Segment Open
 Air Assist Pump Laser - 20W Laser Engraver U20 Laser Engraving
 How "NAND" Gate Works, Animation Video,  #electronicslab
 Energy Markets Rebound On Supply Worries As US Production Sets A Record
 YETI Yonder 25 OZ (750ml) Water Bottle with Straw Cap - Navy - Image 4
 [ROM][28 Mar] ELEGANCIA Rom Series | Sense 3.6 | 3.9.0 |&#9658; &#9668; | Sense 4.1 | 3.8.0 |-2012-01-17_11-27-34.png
Segment Closed
Segment Open
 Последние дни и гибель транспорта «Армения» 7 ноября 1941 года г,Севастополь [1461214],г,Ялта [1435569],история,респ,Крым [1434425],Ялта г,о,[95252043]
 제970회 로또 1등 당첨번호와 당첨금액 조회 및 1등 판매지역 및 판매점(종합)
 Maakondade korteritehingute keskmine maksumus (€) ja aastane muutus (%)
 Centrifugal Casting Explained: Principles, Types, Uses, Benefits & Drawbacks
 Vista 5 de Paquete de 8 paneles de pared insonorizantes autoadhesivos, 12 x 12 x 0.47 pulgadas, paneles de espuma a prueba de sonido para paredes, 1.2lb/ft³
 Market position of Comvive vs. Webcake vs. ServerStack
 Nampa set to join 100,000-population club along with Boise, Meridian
Segment Closed
Segment Open
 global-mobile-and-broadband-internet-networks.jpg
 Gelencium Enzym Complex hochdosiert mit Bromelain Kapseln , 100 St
Segment Closed
● Activity:
Set down, exactly as they appear above, all lines from the one that has "global-mobile-and-broadband-internet-networks.jpg" down to the one that has "Gelencium Enzym Complex", including those two and no others.

● Output below:
 global-mobile-and-broadband-internet-networks.jpg
 Gelencium Enzym Complex hochdosiert mit Bromelain Kapseln , 100 St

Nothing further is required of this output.